Checkpointing (internal/checkpoint)¶
A file-based Store rooted at checkpoint_dir, with one JSON file per
(tenant_id, endpoint) pair, storing {watermark, overlap_window, seen_ids}. Safe for
concurrent use by multiple WindowCollectors polling different endpoints on their own
goroutines. On restart, a collector resumes from watermark - overlap rather than
re-fetching everything or silently dropping events that arrived out of order.
Operator surfaces¶
internal/admin— an optional (admin.enabled) HTTP endpoint: an unconditional/healthzliveness probe plus a per-tenant, per-collector status page served as both HTML (/) and JSON (/api/status.json) from one shared data model.

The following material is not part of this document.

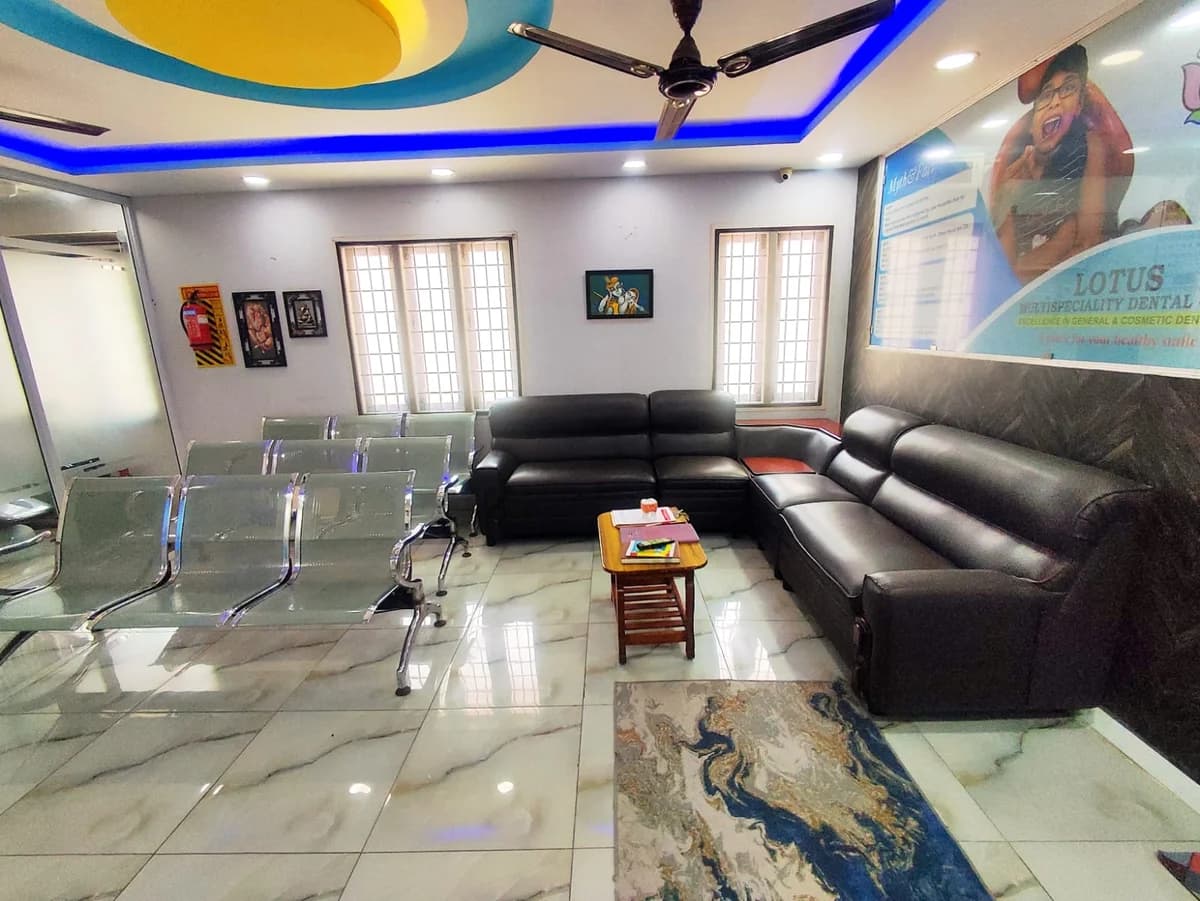 Lotus Dental waiting lounge with sofa seating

It's single-instance ops visibility, not a control plane — no mutating endpoints, and every request renders a fresh snapshot of the scheduler's own recorded state rather than keeping a separate copy.internal/preflight— backs thegraph2otel checksubcommand: validates, ahead of time, that every enabled collector's declared Microsoft Graph application permissions are both granted on the app registration and admin-consented, so a missing scope is reported once up front instead of surfacing later as a runtime 403.
Single-instance, no HA in v1¶
None of the Graph endpoints graph2otel polls support consumer-group or delta semantics that would make multi-replica coordination (leader election, work partitioning) pay for itself — every poller already has to re-derive its own watermark regardless of how many replicas exist, so adding replicas would mean either duplicate polling or a coordination layer with no endpoint feature to hang it off. graph2otel therefore runs as a single instance per configured tenant set; this is a deliberate v1 scope decision, revisited only if a real multi-replica requirement shows up (e.g. an operator needing to shard an extremely large tenant count across processes).